The answer must reproduce exactly the lines from the one with "This serene bedroom" through the end of the material, and it must contain no pictures.

── Material provided ──

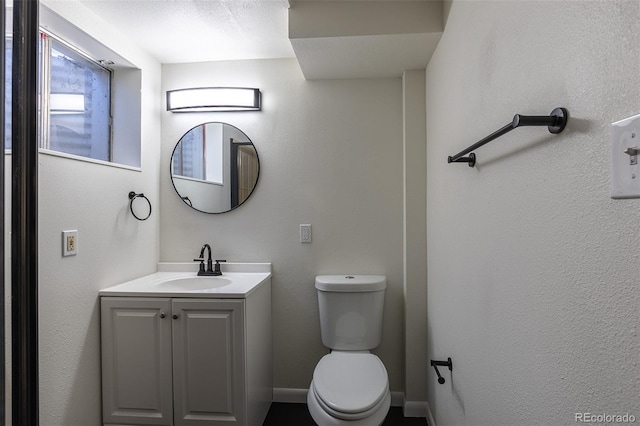 bathroom featuring vanity, toilet, and baseboards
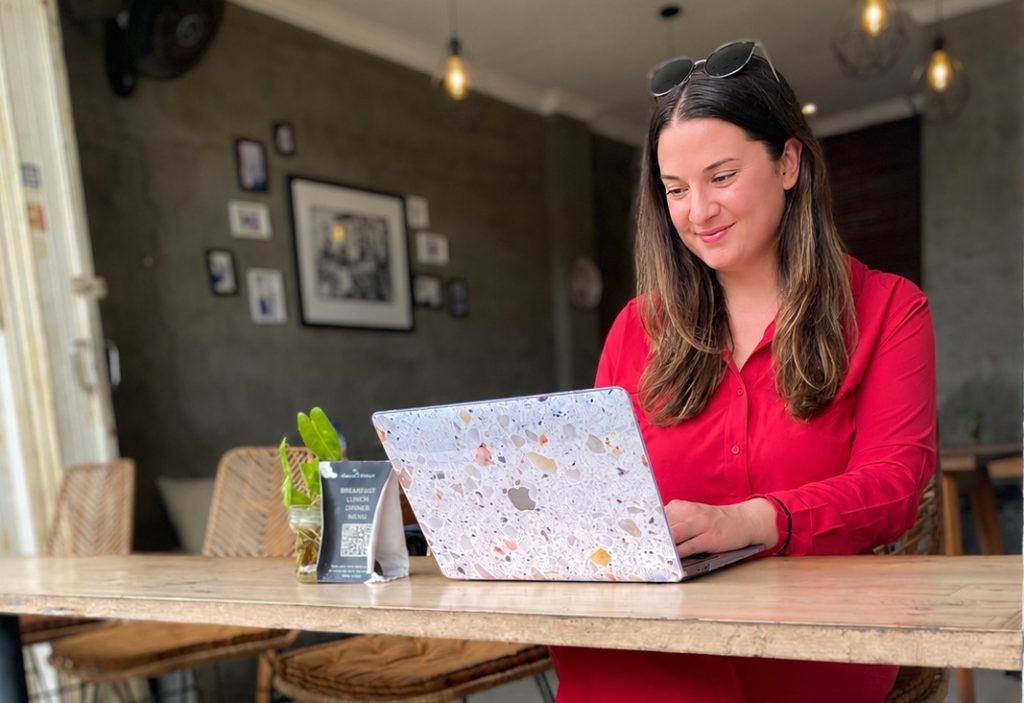 A woman entrepreneur working on her laptop at a wooden table in a lush, tropical cafe in Bali, surrounded by green plants and a peaceful atmosphere.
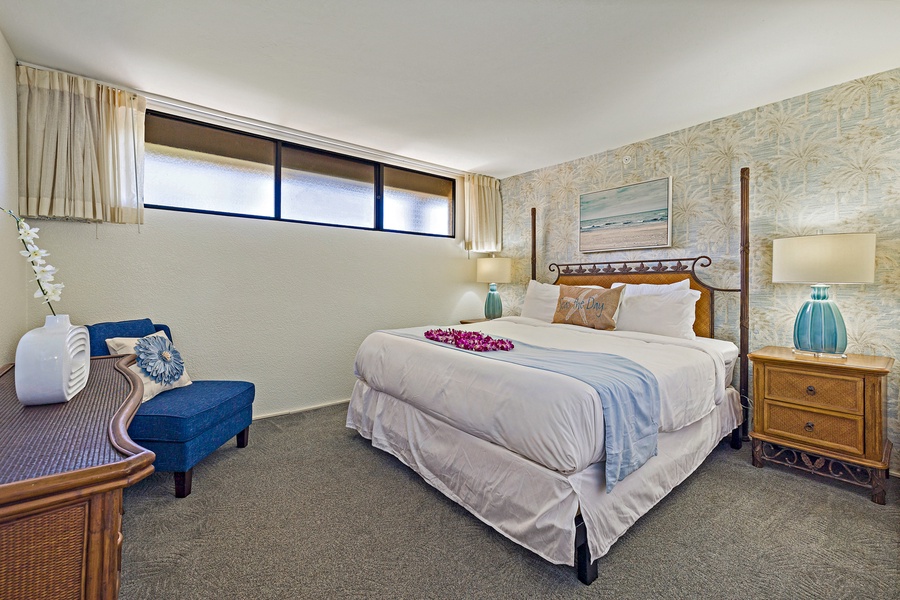 This serene bedroom offers a comfortable king-sized bed and calm decor, inviting you to unwind and recharge for another day in paradise.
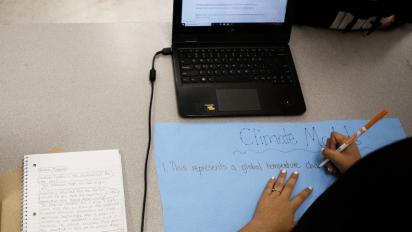 Student working on a climate model poster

───

■ Reply to the exercise ■
 This serene bedroom offers a comfortable king-sized bed and calm decor, inviting you to unwind and recharge for another day in paradise.
 Student working on a climate model poster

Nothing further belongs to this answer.